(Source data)
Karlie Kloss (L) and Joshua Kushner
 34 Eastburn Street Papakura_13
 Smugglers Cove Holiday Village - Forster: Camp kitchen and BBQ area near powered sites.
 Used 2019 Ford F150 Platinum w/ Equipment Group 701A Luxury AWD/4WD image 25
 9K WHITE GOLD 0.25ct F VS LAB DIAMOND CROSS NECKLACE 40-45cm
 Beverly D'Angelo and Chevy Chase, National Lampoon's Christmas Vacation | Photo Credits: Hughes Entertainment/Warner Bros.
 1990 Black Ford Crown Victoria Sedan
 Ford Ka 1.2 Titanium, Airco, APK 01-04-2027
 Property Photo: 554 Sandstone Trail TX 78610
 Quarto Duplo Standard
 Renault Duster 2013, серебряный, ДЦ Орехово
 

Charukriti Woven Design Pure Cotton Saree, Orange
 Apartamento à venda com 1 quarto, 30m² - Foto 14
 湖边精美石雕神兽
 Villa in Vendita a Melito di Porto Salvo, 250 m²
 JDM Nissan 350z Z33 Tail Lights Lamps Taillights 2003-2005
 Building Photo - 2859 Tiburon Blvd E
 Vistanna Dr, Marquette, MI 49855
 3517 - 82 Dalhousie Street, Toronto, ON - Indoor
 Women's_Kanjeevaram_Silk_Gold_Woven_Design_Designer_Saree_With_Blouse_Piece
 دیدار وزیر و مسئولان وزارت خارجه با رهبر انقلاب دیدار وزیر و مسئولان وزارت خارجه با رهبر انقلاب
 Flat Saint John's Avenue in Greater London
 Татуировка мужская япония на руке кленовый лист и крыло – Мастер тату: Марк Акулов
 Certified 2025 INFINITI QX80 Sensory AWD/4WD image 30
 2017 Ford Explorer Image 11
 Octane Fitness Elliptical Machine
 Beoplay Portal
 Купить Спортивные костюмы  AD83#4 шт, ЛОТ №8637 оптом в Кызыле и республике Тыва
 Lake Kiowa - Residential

* _The task_
Each line from the one that holds "Charukriti Woven Design" to the end of the records above should be transcribed exactly, both ends included.

* _Exercise response_
Charukriti Woven Design Pure Cotton Saree, Orange
 Apartamento à venda com 1 quarto, 30m² - Foto 14
 湖边精美石雕神兽
 Villa in Vendita a Melito di Porto Salvo, 250 m²
 JDM Nissan 350z Z33 Tail Lights Lamps Taillights 2003-2005
 Building Photo - 2859 Tiburon Blvd E
 Vistanna Dr, Marquette, MI 49855
 3517 - 82 Dalhousie Street, Toronto, ON - Indoor
 Women's_Kanjeevaram_Silk_Gold_Woven_Design_Designer_Saree_With_Blouse_Piece
 دیدار وزیر و مسئولان وزارت خارجه با رهبر انقلاب دیدار وزیر و مسئولان وزارت خارجه با رهبر انقلاب
 Flat Saint John's Avenue in Greater London
 Татуировка мужская япония на руке кленовый лист и крыло – Мастер тату: Марк Акулов
 Certified 2025 INFINITI QX80 Sensory AWD/4WD image 30
 2017 Ford Explorer Image 11
 Octane Fitness Elliptical Machine
 Beoplay Portal
 Купить Спортивные костюмы  AD83#4 шт, ЛОТ №8637 оптом в Кызыле и республике Тыва
 Lake Kiowa - Residential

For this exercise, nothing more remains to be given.